- _Materials provided_:
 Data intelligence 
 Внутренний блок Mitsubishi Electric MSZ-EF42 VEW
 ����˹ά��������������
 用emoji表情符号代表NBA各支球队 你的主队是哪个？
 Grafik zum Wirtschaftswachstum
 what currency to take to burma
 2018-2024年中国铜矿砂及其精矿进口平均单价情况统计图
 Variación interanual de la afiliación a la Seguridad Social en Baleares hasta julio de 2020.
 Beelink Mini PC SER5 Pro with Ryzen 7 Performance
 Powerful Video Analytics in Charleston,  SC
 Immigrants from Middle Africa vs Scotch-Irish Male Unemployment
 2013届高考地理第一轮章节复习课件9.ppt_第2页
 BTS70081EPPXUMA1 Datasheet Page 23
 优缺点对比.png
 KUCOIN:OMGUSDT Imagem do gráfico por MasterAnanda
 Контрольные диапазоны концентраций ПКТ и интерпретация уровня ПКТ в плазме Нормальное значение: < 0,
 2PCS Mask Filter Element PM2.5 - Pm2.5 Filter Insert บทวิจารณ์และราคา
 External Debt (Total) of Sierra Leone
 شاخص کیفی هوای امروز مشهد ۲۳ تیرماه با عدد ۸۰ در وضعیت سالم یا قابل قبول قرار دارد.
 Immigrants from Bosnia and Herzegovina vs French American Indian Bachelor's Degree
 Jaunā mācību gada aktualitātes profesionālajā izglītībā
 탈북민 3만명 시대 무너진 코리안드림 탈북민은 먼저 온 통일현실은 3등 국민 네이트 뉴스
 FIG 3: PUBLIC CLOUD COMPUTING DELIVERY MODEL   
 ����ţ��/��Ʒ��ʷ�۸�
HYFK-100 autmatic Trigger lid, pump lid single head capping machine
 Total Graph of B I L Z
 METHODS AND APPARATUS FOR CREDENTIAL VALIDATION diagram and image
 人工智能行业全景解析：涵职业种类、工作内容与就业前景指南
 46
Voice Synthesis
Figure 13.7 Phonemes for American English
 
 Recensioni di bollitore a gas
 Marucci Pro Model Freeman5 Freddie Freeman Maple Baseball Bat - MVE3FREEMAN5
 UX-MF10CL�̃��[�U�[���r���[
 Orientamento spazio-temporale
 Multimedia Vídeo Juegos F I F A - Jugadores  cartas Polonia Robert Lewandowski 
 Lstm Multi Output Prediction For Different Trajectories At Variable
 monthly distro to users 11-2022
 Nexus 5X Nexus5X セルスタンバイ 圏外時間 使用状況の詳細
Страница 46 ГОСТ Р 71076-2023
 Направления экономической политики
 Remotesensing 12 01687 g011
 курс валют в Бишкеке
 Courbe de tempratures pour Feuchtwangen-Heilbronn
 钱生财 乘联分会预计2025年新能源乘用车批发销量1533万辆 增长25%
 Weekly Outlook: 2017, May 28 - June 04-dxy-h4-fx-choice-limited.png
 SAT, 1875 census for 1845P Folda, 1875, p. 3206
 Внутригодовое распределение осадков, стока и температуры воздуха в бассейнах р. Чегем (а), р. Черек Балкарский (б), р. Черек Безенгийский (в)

- _Directions_:
Going through the entries above, tally every line that contains the string "American", then state only the total.

- _Your solution_:
2